The SEC noted that this is the first award for a whistleblower with an audit or compliance function at a company. The name of the whisteblower was not identified.
“Individuals who perform internal audit, compliance, and legal functions for companies are on the front lines in the battle against fraud and corruption. They often are privy to the very kinds of specific, timely, and credible information that can prevent an imminent fraud or stop an ongoing one,” said Sean McKessy, chief of the SEC’s Office of the Whistleblower, in a statement. “These individuals may be eligible for an SEC whistleblower award if their companies fail to take appropriate, timely action on information they first reported internally.”
This particular whistleblower award recipient reported concerns of wrongdoing to the appropriate people within the company, including a supervisor. But when the company took no action on the information within 120 days, the whistleblower reported the same information to the SEC. The information provided by the whistleblower led directly to an SEC enforcement action.
In this case, SEC v. Phillip J. DeZwirek, Civil Action No. 134-CIV-6135 (S.D.N.Y.), according to David J. Marshall of the law firm Katz, Marshall & Banks LLP in Washington, D.C., an attorney who contacted Accounting Today, it appears that the whistleblower reported the former chairman and CEO (and major stockholder) of two companies for alleged insider trading of the companies’ common stock.
The SEC complaint, filed in federal court in New York on Aug. 30, 2013, charged Phillip J. DeZwirek with insider trading and with numerous other securities violations.
According to the SEC complaint, DeZwirek engaged in insider trading on three separate occasions between 2008 and 2010 when he purchased stock in the companies while in possession of non-public information about new contract bookings or corporate acquisitions, and then benefited from sharp increases in the stock price when the companies issued press releases announcing the deals publicly.
The SEC announced a settlement on Sept. 3, 2013, in which DeZwirek agreed to pay more than $1.5 million to settle the SEC complaint. The SEC announced its award to a whistleblower who worked in compliance or audit, in the amount of more than $300,000 for information that led directly to the successful enforcement action. The award is approximately 20 percent of the amount the commission recovered from Mr. DeZwirek.

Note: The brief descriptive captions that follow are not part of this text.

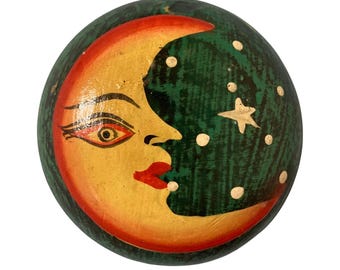 Celestial Moon And Stars Hand Painted Wooden Trinket Box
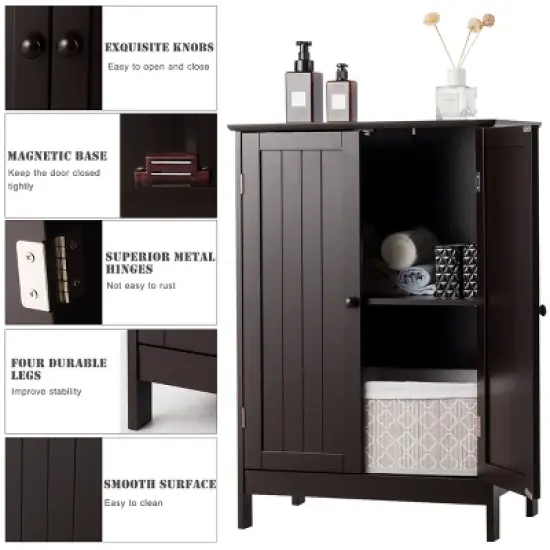 Bathroom Floor Storage Cabinet Double Door Kitchen Cupboard Shoe Cabinet Brown image {7}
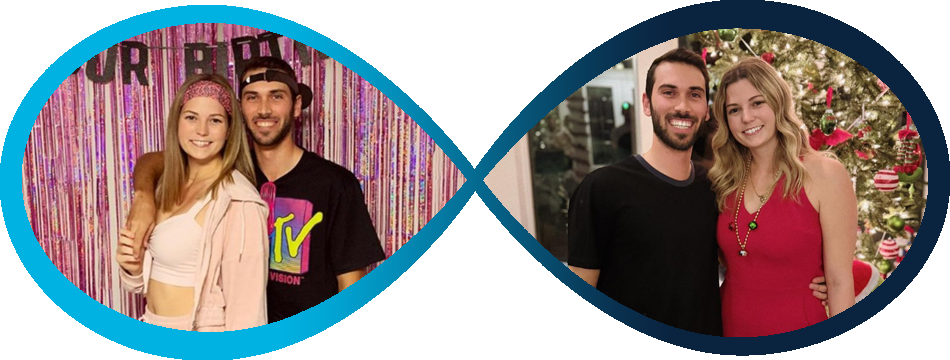 Infinity sign with early to late photos of Haley and Michael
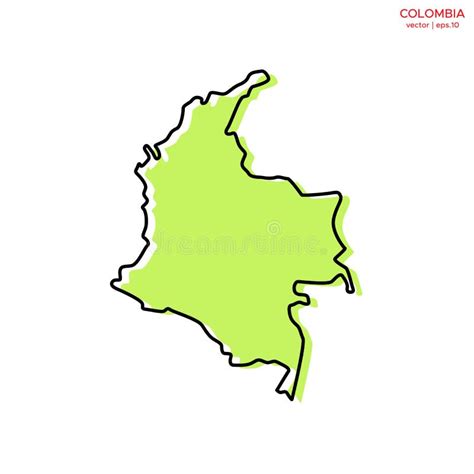 Mapa Verde De Colombia Con Plantilla De Dise O De Vector De Contorno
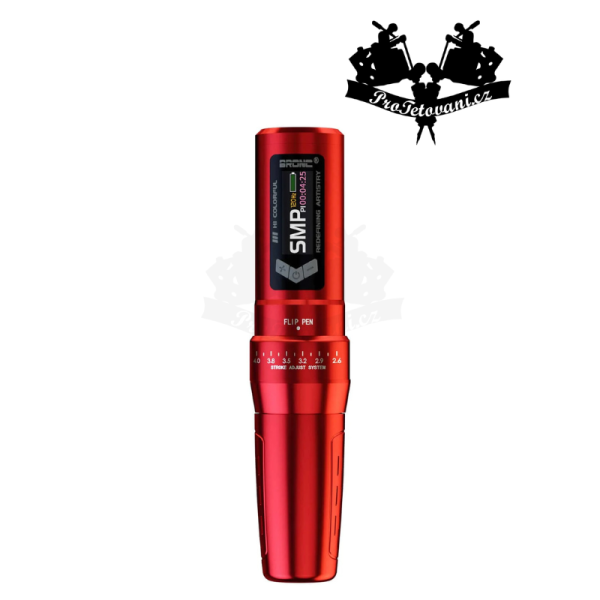 Bezdrátový bateriový rotační tetovací strojek Hummingbird Bronc Siren s nastavitelným zdvihem RED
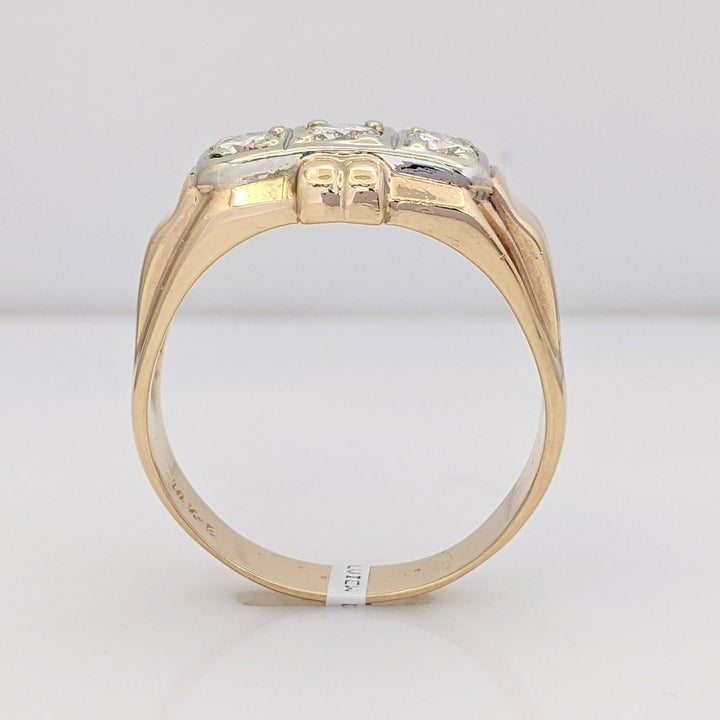 14K .90 CARAT TOTAL WEIGHT SI1-SI2 H-I DIAMOND ROUND (3) SQUARE TOP ESTATE RING 7.6 GRAMS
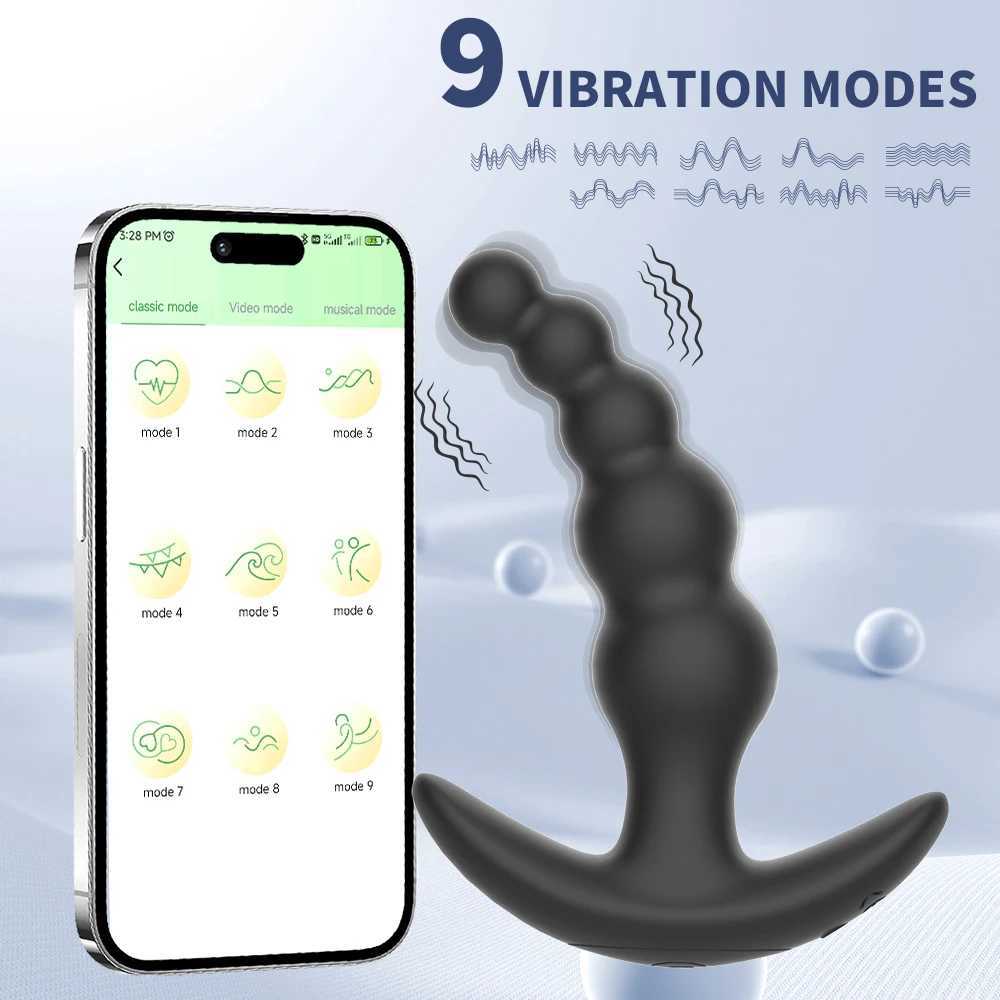APP Bluetooth Anal Vibrator for Men Prostate Massager Wireless Remote Butt Plug Vibrating Adult Sex Toys for Women Men Gay W250624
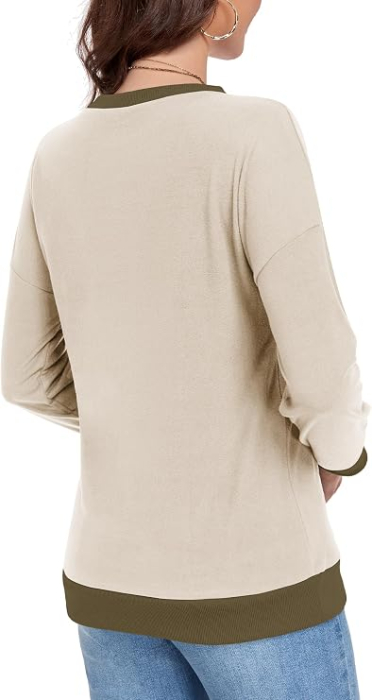 Bluza kaki, lejera pentru femei, cu maneci lungi, guler rotund, M [4]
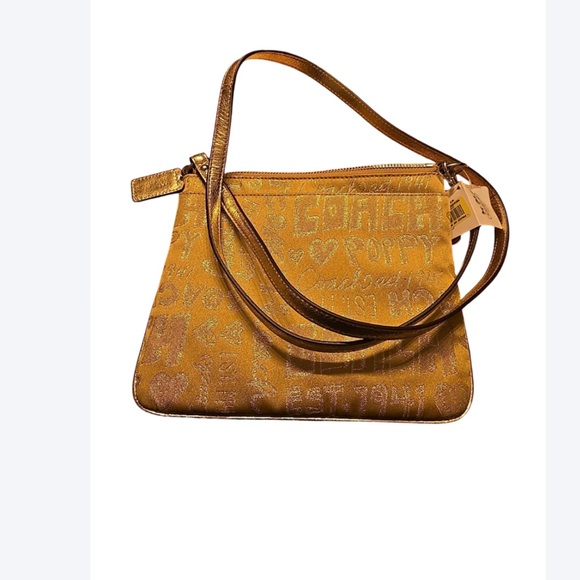Coach Poppy NWT Bag Gold Metallic Lurex Crossbody Y2K Coach Poppy - Picture 13 of 17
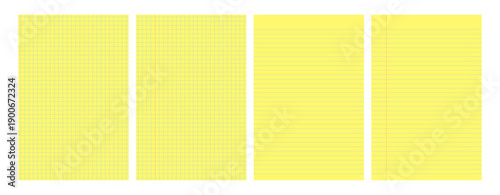 Set of yellow legal pad pages with lined or grid designs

“It is very encouraging to see the SEC issue an award to someone who works in a compliance or audit role, as these employees are often the best-positioned to observe insider trading or other securities violations on the part of their employers,” Marshall wrote in an email to Accounting Today. “Here the employee did the right thing by reporting the violations internally, giving the company four months to address them, and then reported the violations to the SEC when the company took no action. I think we will see many more of these employees coming forward in the future now that the SEC has applied the 120-day exception to the general rule that they are not eligible to participate in the whistleblower program.”
The SEC’s whistleblower program rewards high-quality, original information that results in an SEC enforcement action with sanctions exceeding $1 million. Whistleblower awards can range from 10 percent to 30 percent of the money collected in a case. By law, the SEC noted that it must protect the confidentiality of whistleblowers and cannot disclose any information that might directly or indirectly reveal a whistleblower’s identity.